Stereo-seq Mouse Embryo Data Application

Here’s the main code that we used to apply ELLA to the Stereo-seq mouse embryo data. For each cell type, we conducted the analysis for every 100 genes in parallel to significantly save memory consumption and computation time.

We first ran the cell registrition for both cell types and the results were automatically saved under a output folder.

from ELLA.ELLA import model_beta, model_null, loss_ll, ELLA
ella_stereoseq = ELLA(dataset='stereoseq', max_ntanbin=4)

# load data
ella_stereoseq.load_data(data_path='input/stereoseq_data_sub_dict.pkl')

# register all cells
ella_stereoseq.register_cells()

We then further processed the data for the NHPP model fitting and the results were automatically saved under the output folder.

from ELLA.ELLA import model_beta, model_null, loss_ll, ELLA
ella_stereoseq = ELLA(dataset='stereoseq', max_ntanbin=4)

# load data
ella_stereoseq.load_data(data_path='input/stereoseq_data_sub_dict.pkl')

# load registered cells
ella_stereoseq.load_registered_cells(registered_path='output/df_registered_saved.pkl')

# prepare data for NHPP fit (r, c0, n etc.)
ella_stereoseq.nhpp_prepare() 

We next ran the NHPP fitting and again, the results would be saved under the output folder.

#!/usr/bin/env python3

import sys
cell_type = sys.argv[1]
gene_idx_begin = int(sys.argv[2])
gene_idx_end = int(sys.argv[3])
print(f'cell_type {cell_type} gene_idx_begin {gene_idx_begin} gene_idx_end {gene_idx_end}')

from ELLA.ELLA import model_beta, model_null, loss_ll, ELLA
ella_stereoseq = ELLA(dataset='stereoseq', max_ntanbin=4)

# load data
print(f'load data')
ella_stereoseq.load_data(data_path='input/stereoseq_data_sub_dict.pkl')

# load registered cells
print(f'load registered cells')
ella_stereoseq.load_registered_cells(registered_path='output/df_registered_saved.pkl')

# prepare data for NHPP fit (r, c0, n etc.)
print(f'prepare data for NHPP fit')
ella_stereoseq.load_nhpp_prepared(data_path='output/df_nhpp_prepared_saved.pkl')

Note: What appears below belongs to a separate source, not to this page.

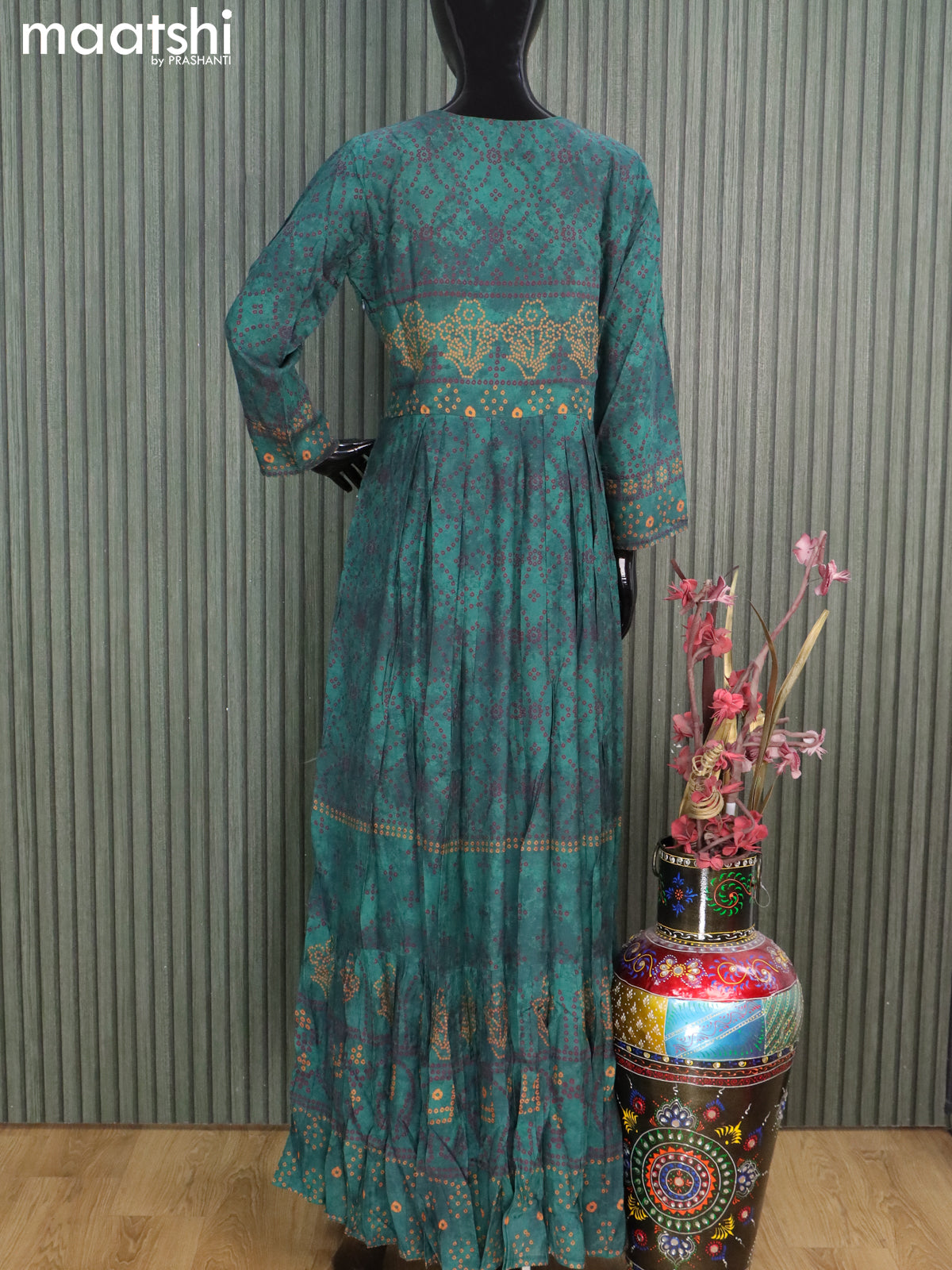 Muslin readymade floor length kurti peacock green with allover bandhani prints & elephant design neck pattern without pant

# <<<<< the cell type of focus
t = cell_type
ella_stereoseq.type_list = [t]
print(ella_stereoseq.type_list)

# <<<<< choose a subset of genes of focus
gl_full = ella_stereoseq.gene_list_dict[t]
ella_stereoseq.gene_list_dict[t] = gl_full[gene_idx_begin:gene_idx_end]

# run nhpp fit
print(f'run nhpp fit')
ella_stereoseq.nhpp_fit(outfile=f'output/nhpp_fit_results_t{t}_g{gene_idx_begin}_{gene_idx_end}.pkl', ig_start=gene_idx_begin) 

Other scripts used for mRNA characteristic analysis and for plotting are shared in the github repo.